The locally executable program can be executed by changing your current working directory in Julia to the directory containing the material for this example and executing the commands shown below:
include("local_nested_loops.jl")
result = local_nested_loops()
Executing the command shown above will calculate 100 iterations in total. The values stored in the result
-array are shown in the image below.
3.2.2. @cloud for Version
The @cloud for
version of the locally executable program is shown below.
# Copyright 2018 Techila Technologies Ltd.

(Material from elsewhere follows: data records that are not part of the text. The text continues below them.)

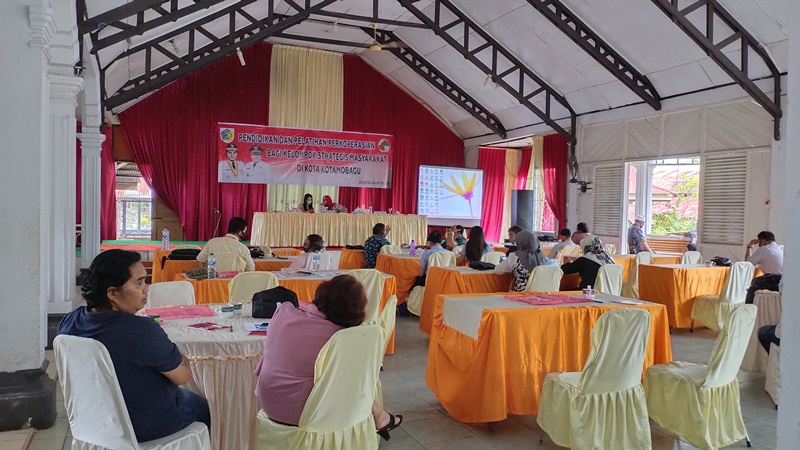 Pengurus 26 Koperasi di Kotamobagu Dilatih Kelola Koperasi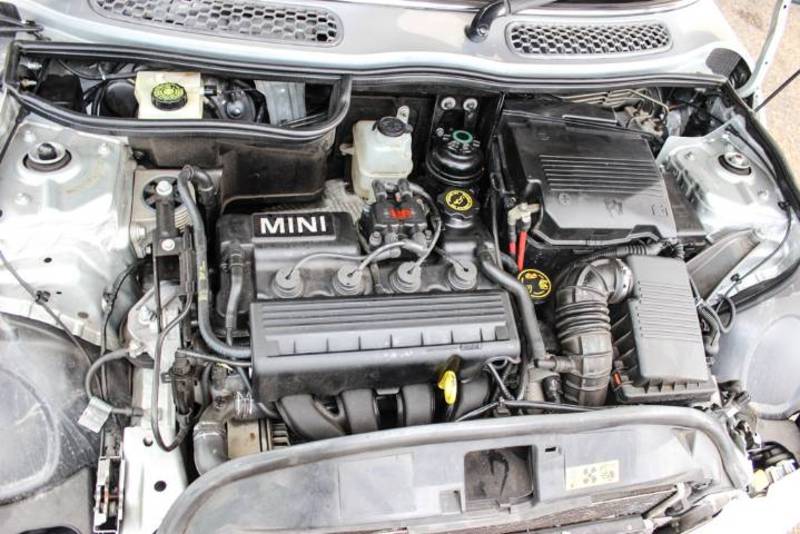2002 MINI COOPER R50
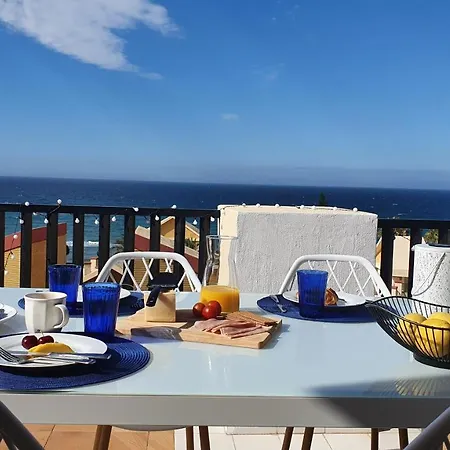 En Con Vistas Al Mar Lejlighed *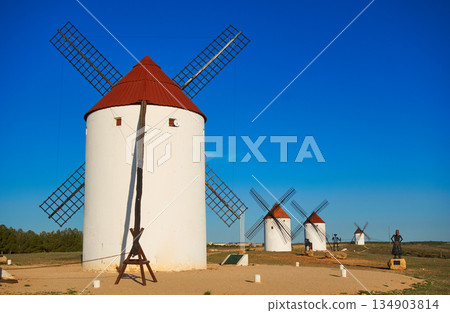 Mota del Cuervo windmills in Cuenca 134903814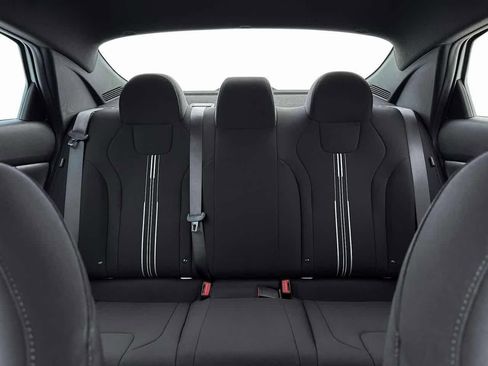 New 2025 Hyundai Elantra SEL FWD image 16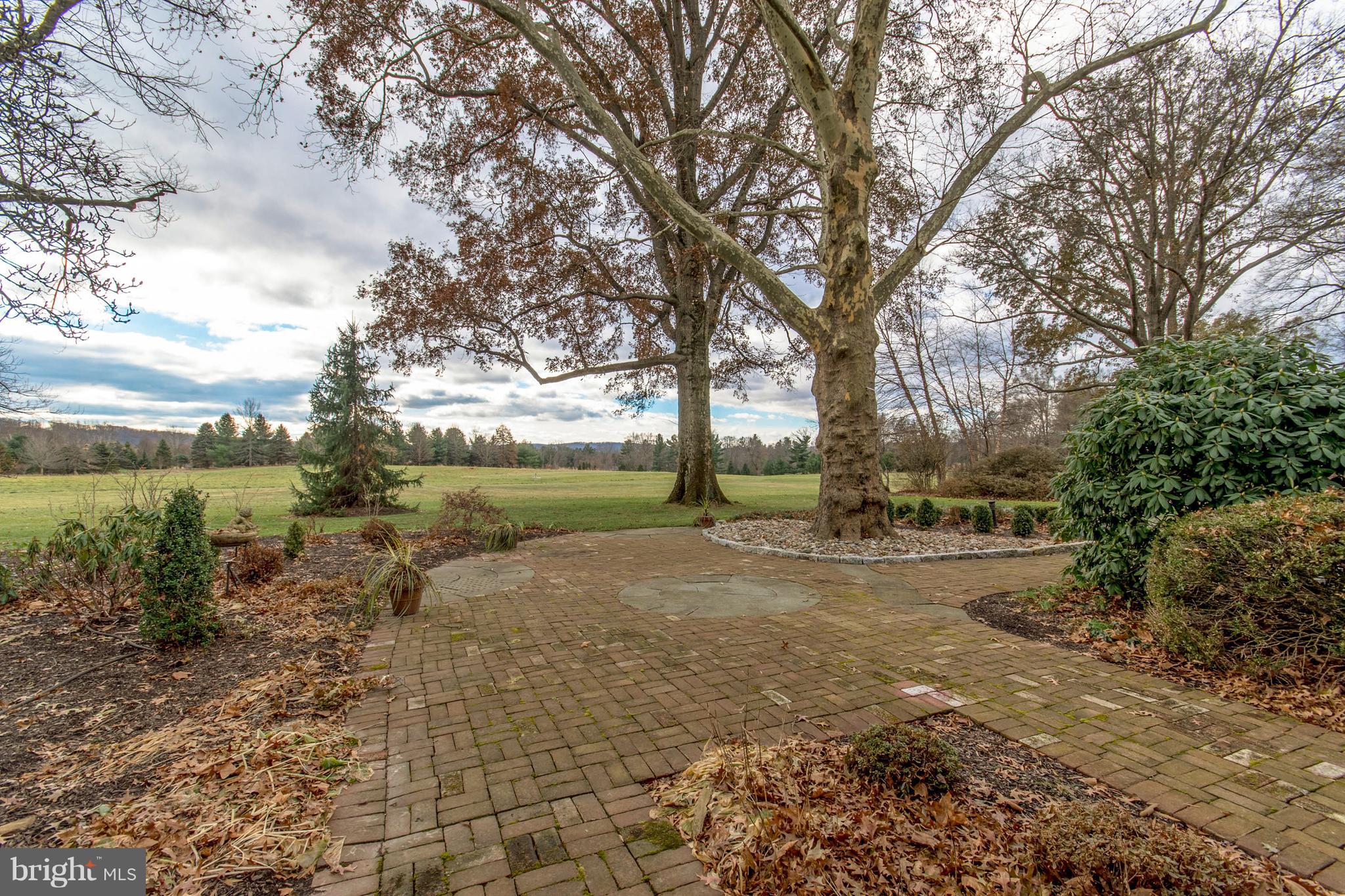 SAUCON VALLEY GARDEN - Residential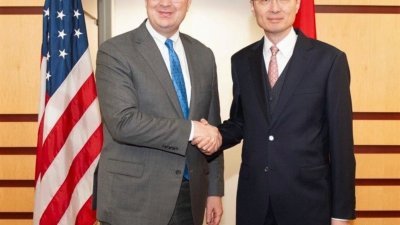 图为去年9月27日，美国东亚与太平洋事务助理国务卿康达（左）与中国副外长孙卫东举行亚太事务磋商。（图取自社交平台X）
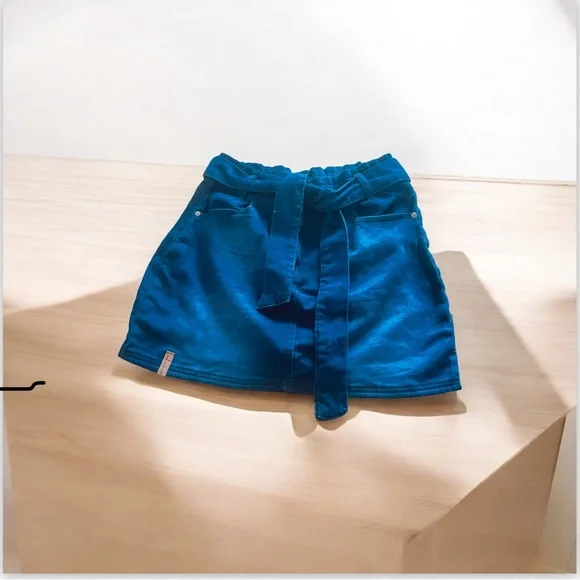 Skirts - Picture 2 of 5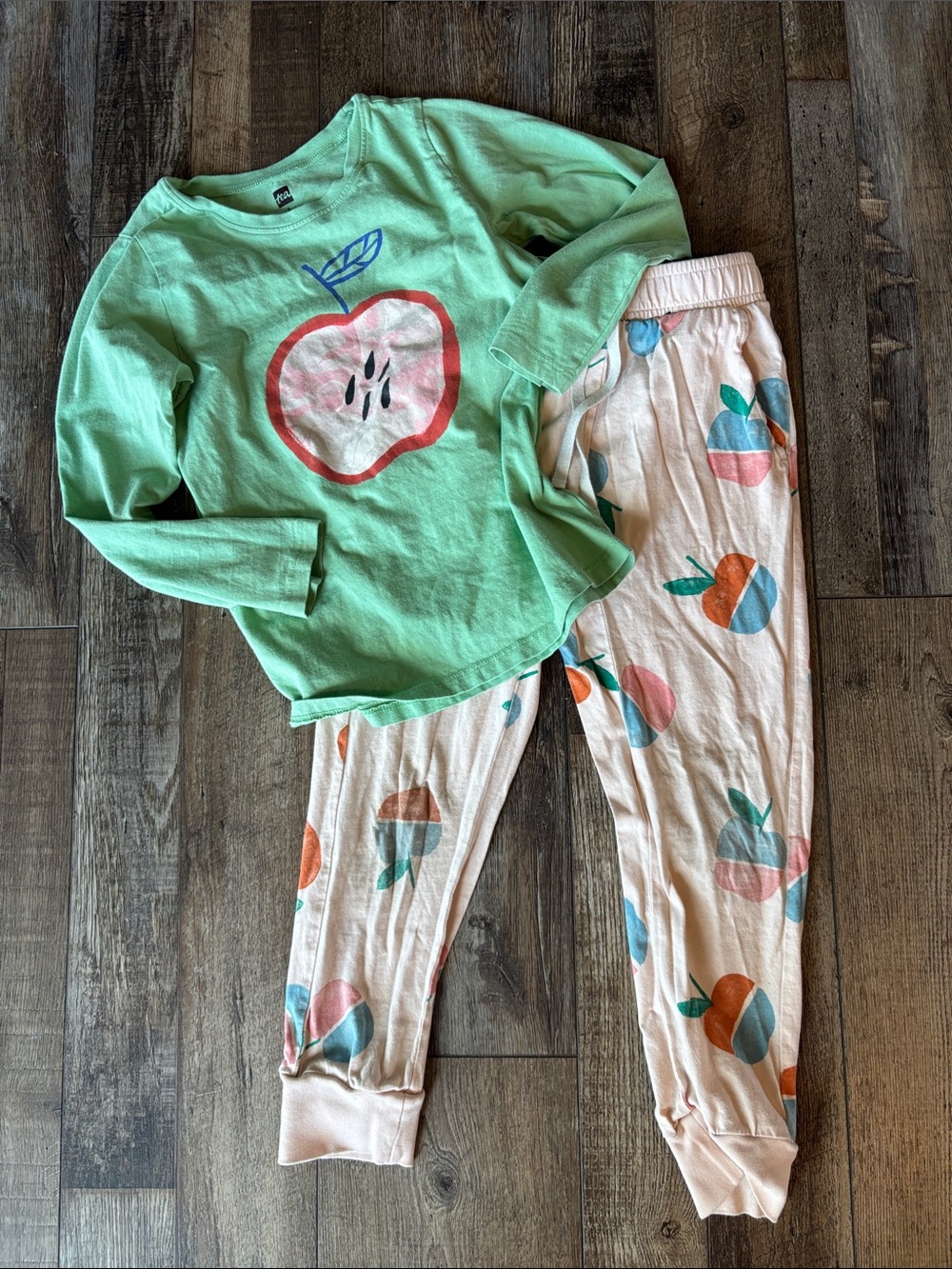 Kids Apple Print Fall set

# Make functions in the Techila package available.
using Techila;
function run_nested_loops()
# @cloud version of the code. Uses two perfectly nested @cloud for loops
# to distribute computations.
# Clear any previous @cloud macros
@cloud reset
# Define dimension
dimen = 10;
# And mark the dimen variable as something that is needed during computations
@cloud var dimen
# Create a global variable for the results
global result=zeros(dimen,dimen);
# And mark which variable contains the results
@cloud output result
# Define how many steps will be performed in each job. Outer loop split into
# five iteration chunks and inner loop to max 3 iteration chunks. This sets
# the Job count in the Project to: ceil(10/5) * ceil(10/3) = 2 * 4 = 8 Jobs.
@cloud param stepsperjob=[5,3]
# Create the Project.
@cloud for x=1:dimen
@cloud for y=1:dimen
result[x,y]=x*(y+1);
end
end
return(result);
end
In the distributed version, the two for
-loops have been replaced with @cloud for
-loops. This can be done because the loops are perfectly nested and the operations do not have any recursive dependencies.
Each @cloud for
loop has the same amount of iterations: 10. This means that total number of iterations is 10 * 10 = 100. The number of iterations executed in each Job is defined by using the @cloud param stepsperworker=[5,3]

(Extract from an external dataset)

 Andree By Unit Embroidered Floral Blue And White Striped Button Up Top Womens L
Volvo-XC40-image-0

parameter. This means the total number of Jobs in the Project is: ceil(10/5) * ceil(10/3) = 8 Jobs. Each Job will process a subset of iterations. For example, Job #1 would process 5 iterations (x=1:5) of from the outer loop from the outer loop and 3 iterations (y=1:3) from the inner loop.

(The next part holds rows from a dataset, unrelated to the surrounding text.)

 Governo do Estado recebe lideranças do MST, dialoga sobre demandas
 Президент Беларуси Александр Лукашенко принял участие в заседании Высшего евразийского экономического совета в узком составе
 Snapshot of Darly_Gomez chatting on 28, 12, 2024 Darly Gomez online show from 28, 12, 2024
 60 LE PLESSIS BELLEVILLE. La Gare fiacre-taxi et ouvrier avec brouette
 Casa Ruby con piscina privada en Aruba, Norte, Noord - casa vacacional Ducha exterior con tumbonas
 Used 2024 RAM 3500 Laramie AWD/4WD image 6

3.2.3. Creating the computational project
The computational Project can be created by executing the @cloud
version of the program. The @cloud
version can be executed by changing your current working directory in Julia to the directory containing the material for this example and executing the commands shown below:
include("run_nested_loops.jl")
result = run_nested_loops()
After you have executed the command, the Project will be automatically created and will consist of 8 Jobs. These Jobs will be assigned and computed on Techila Workers in the TDCE environment. Each Job will compute a subset of the total iterations in the loop structures.
Each time a Job has been completed, the result file will be transferred to your computer. The values stored in the output files will be read and stored in the result
-array. This array will contain all the values from the iterations and will correspond to the output generated by the locally executable program discussed earlier in this Chapter.
3.3. Using Functions and Packages
Custom functions and/or functionality from Julia packages are typically needed in any moderately complex applications. This example demonstrates how you can make additional functions and/or packages available during computational Projects.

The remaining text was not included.